____ Information supplied
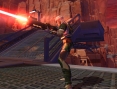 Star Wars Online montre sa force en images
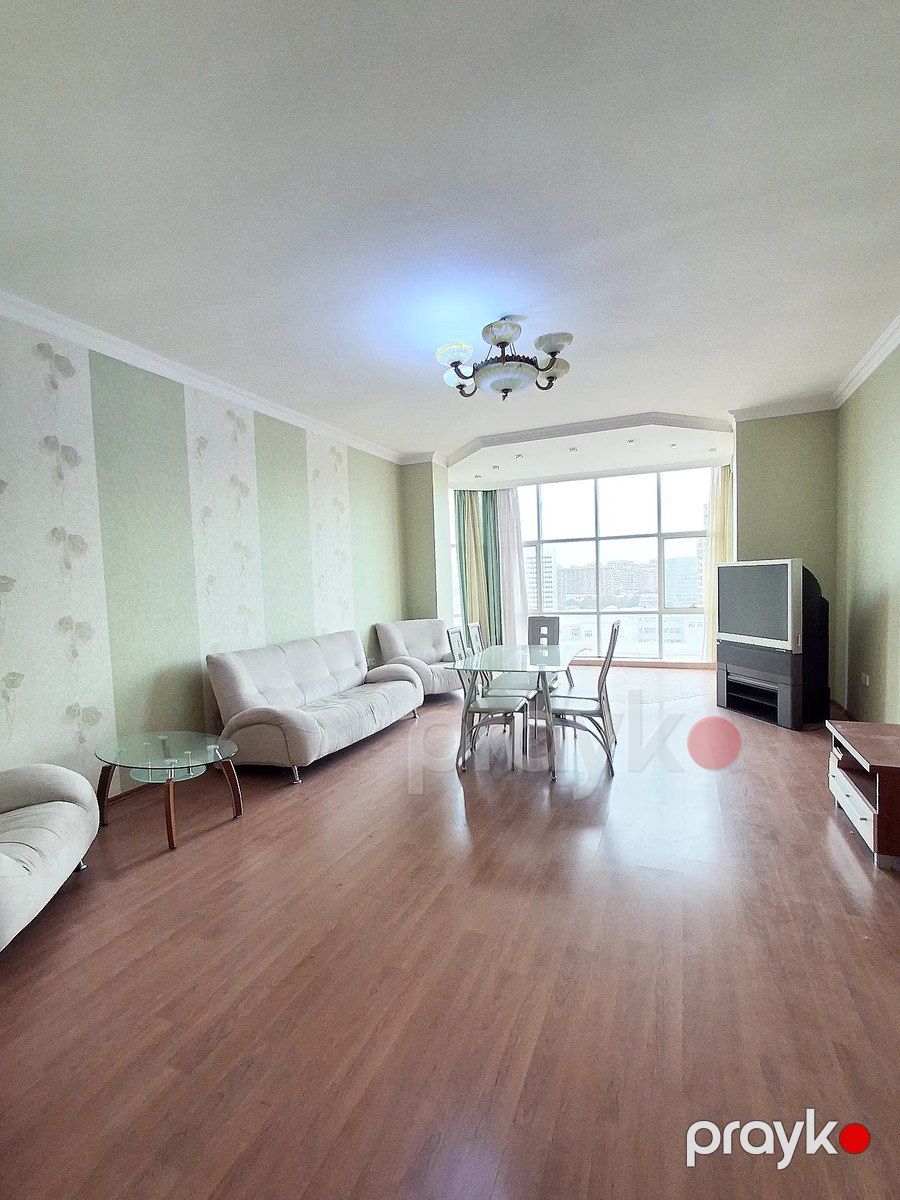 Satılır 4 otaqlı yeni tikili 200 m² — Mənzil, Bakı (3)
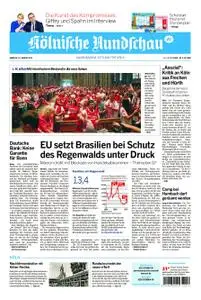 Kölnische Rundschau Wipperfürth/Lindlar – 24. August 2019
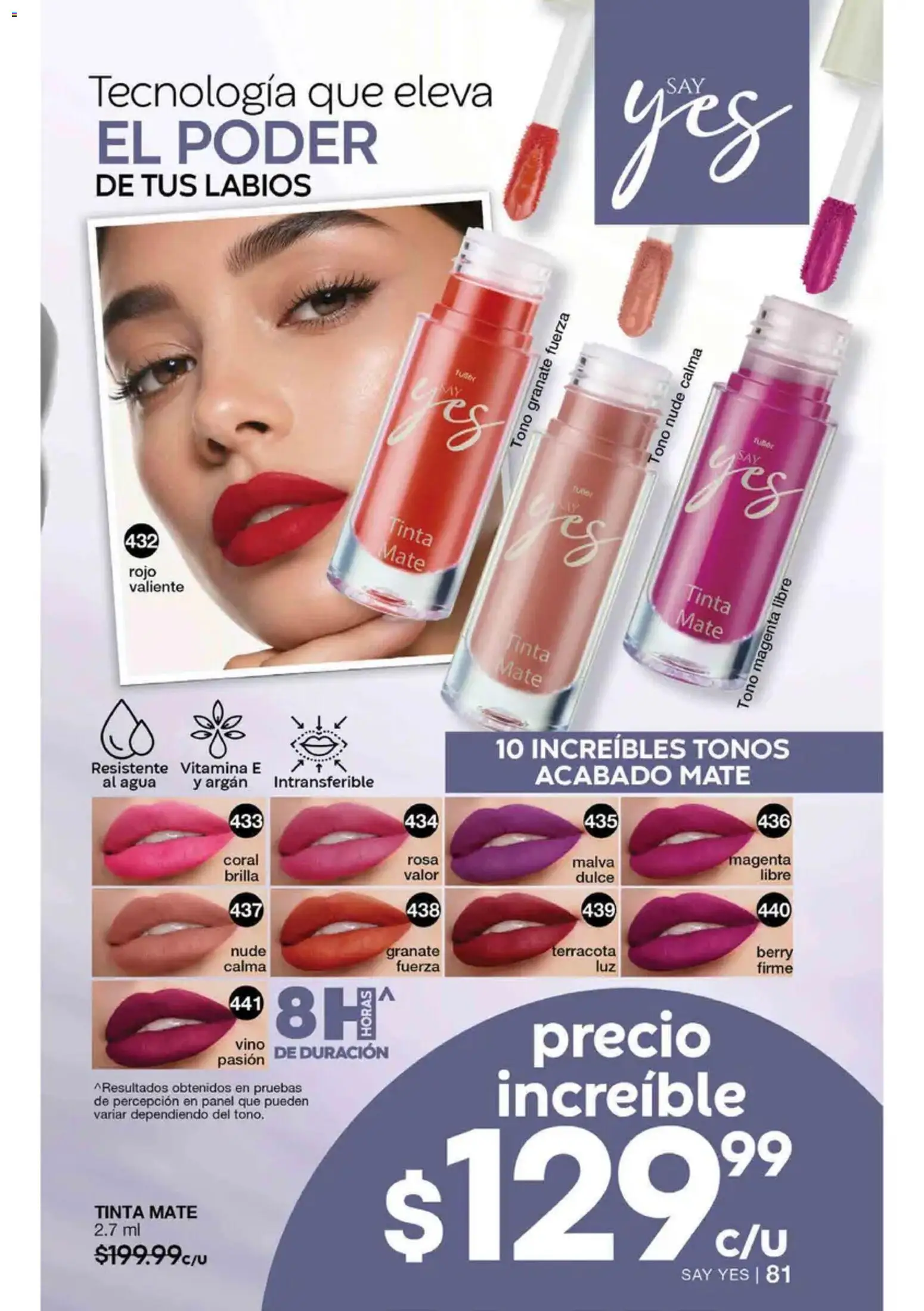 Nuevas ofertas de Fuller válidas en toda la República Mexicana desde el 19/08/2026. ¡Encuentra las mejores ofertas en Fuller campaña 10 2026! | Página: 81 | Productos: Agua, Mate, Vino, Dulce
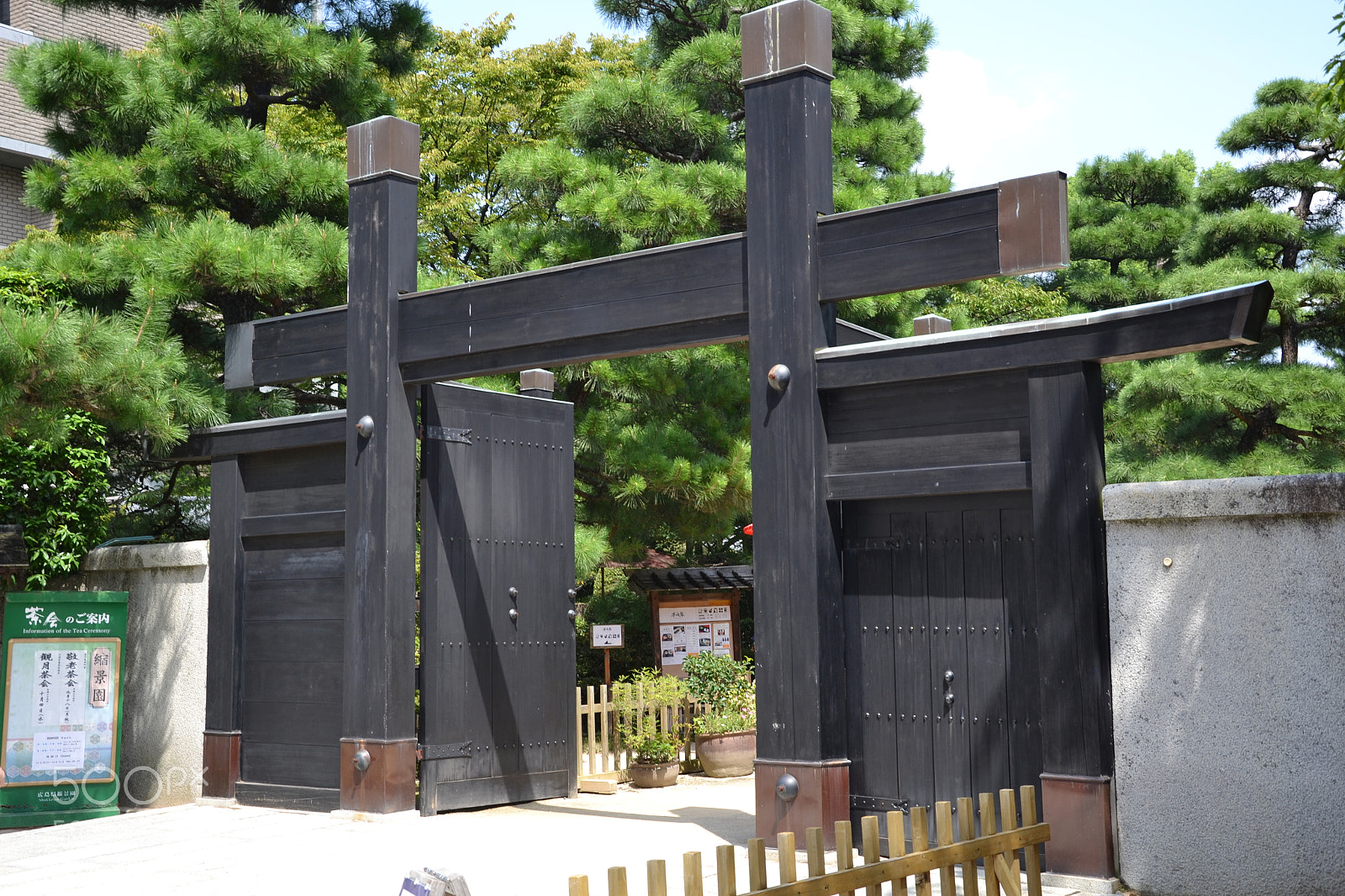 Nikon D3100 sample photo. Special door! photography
________
____ Information supplied
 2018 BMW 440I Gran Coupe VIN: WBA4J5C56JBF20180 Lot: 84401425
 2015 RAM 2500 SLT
________
____ Information supplied
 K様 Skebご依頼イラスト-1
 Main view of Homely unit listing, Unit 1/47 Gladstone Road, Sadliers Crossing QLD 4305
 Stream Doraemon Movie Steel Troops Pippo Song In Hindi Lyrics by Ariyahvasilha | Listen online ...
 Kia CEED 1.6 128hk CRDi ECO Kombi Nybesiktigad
________
Your task is to transcribe, with no changes, only the lines of the listing above that lie between the line holding "2018 BMW 440I" and the line holding "2015 RAM 2500 SLT", inclusive.

Exercise output:
 2018 BMW 440I Gran Coupe VIN: WBA4J5C56JBF20180 Lot: 84401425
 2015 RAM 2500 SLT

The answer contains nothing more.